Na quinta feira assei um pacu de dois quilos e meio aqui na minha casa. Recheei a parte interna do peixe de farofa com couve. O pacu, o grande pacu, passou duas horas no fogo brando. É um peixe muito gorduroso, necessita tempo para ficar sequinho. E justamente por ser gorduroso que o pacu é conhecido, pelos meus amigos, como a picanha dos peixes. Se vocês estivessem aqui em casa, poderiam ter certeza: estava bom mesmo. O pacu, de fato, é muito saboroso, é um peixe de rio e tem as características típicas de um peixe de rio. Quem gosta de peixe de rio, do seu inconfundível sabor de barro, nunca nega um pacu. Entretanto, o sabor da costela do Pacu é mais suave que o sabor da cacunda.

Como tempero opcional, preparei um molho a base de shoyo e gengibre ralado, que você podia jogar por cima do peixe.

Não é necessário dizer que não faltaram as piadinhas: “Vamos comer o pacu do Pulmão”, etc.

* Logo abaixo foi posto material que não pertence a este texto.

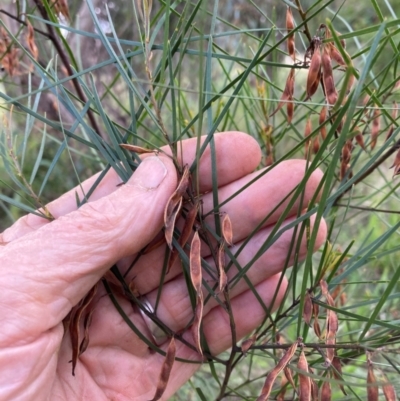 Acacia iteaphylla at Belconnen, ACT - 5 Jan 2024 by JohnGiacon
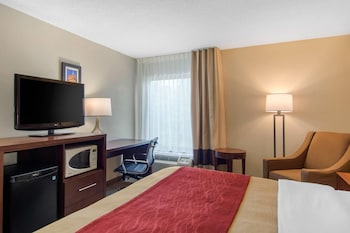 Room, 1 King Bed, Accessible, Non Smoking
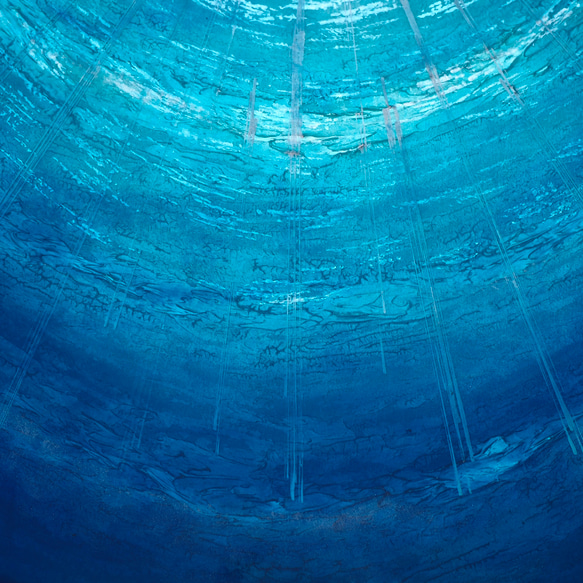 海中からの景色　 4枚目の画像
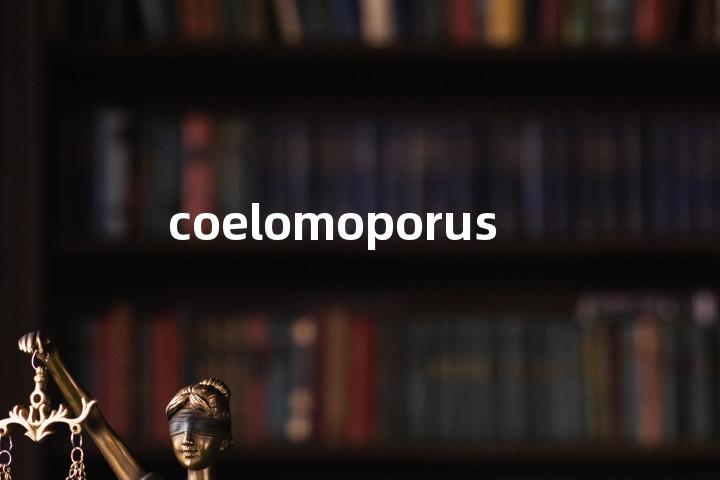 coelomoporus单词图解，单词释义场景配图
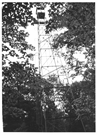 Fifield Fire Lookout Tower, a Structure.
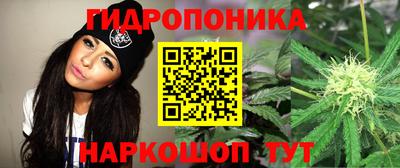 2c-b Кингисепп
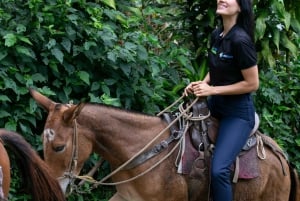 Medellin: Tour del caffè, arrivo a cavallo e canna da zucchero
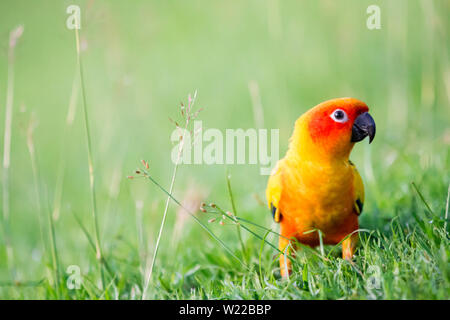 Sun Sittiche Papagei Vogel auf Gras Feld Stockfoto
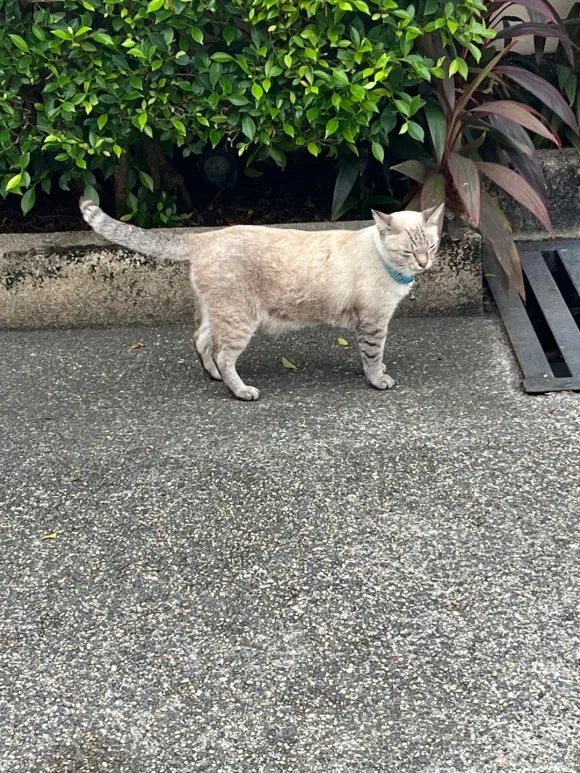 KakaoTalk_20250131_121224206.jpg?type=w580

Quando a assadeira aterrizou na mesa, todos salivaram. Estava lá o pacu, todo oferecido, com sua carne tenra. Depois do pessoal ter provado e aprovado vieram os elogios e as perguntas sobre a receita. Responder a essas perguntas é sempre divertido. No fundo é tudo muito simples, mas é quase uma ofensa dizer que é simples.

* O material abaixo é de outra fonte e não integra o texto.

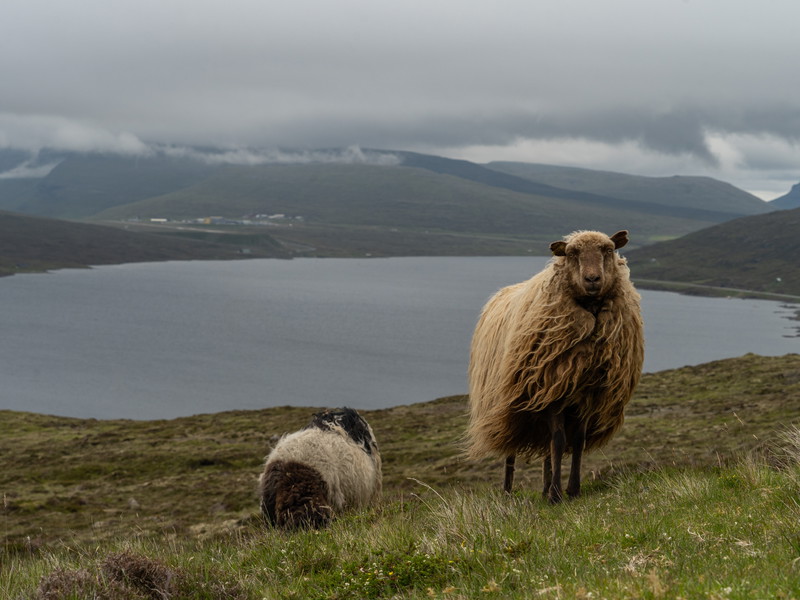 More Sheep Than People: The Faroe Islands' woolly residents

Disse, como quem compartilha um segredo, que tinha feito uma pesquisa nas peixarias de Ribeirão e que aquele Pacu, sem dúvida, era o melhor que eu havia encontrado, tinha vindo do Pará (isso é verdade). Nessa hora todos se impressionaram, ninguém esperava que alguém pudesse se preocupar da procedência do Pacu.

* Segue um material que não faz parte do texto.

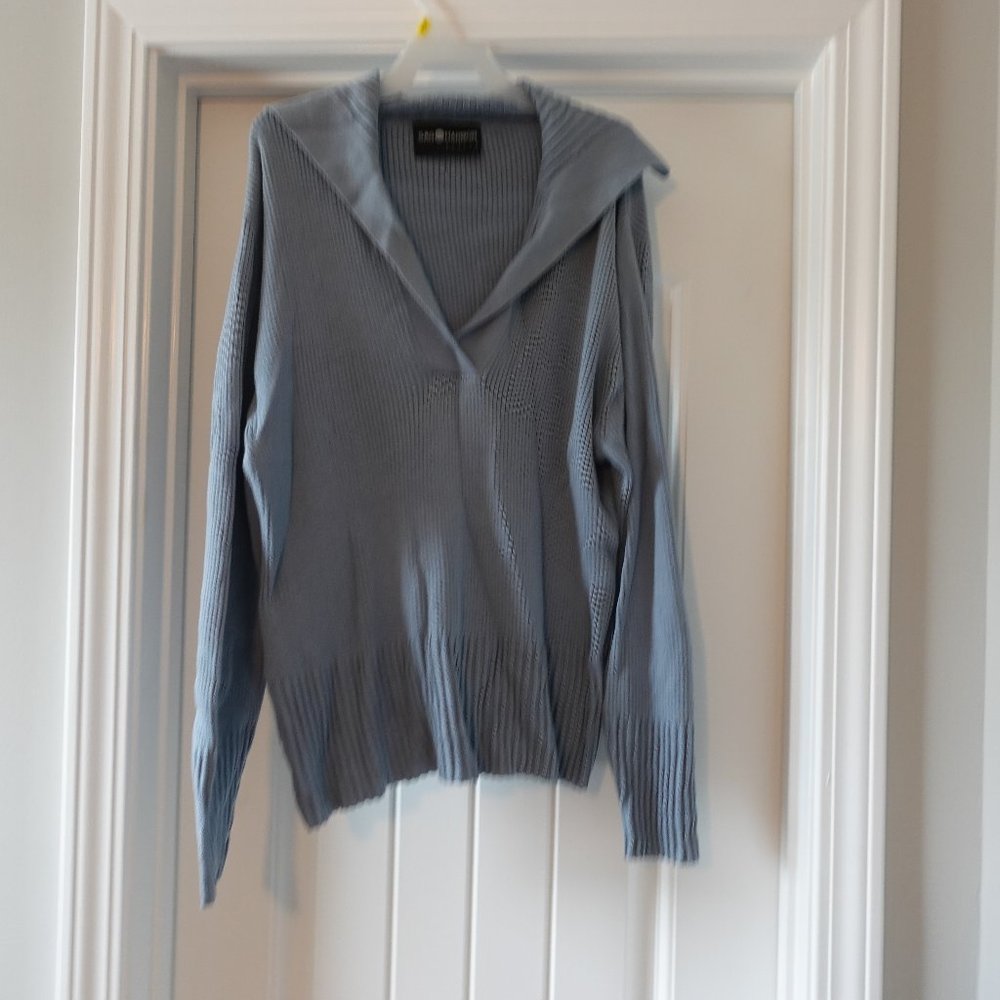 Sag Harbor small light blue longsleeve vneck sweater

O pacu tinha dois quilos e meio, tamanho ideal para o Pacu (nunca compre um pacu com mais de três quilos, ou com menos de um quilo).

Depois disse que havia investigado o peixeiro sobre o processo de conservação do peixe. Disse com tamanha seriedade, que pareceu a todos a coisa mais óbvia do mundo esse cuidado. “A qualidade dos ingredientes é a alma da cozinha” – uma voz retumbou triunfante na mesa, para mostrar entendimento. Todos concordaram.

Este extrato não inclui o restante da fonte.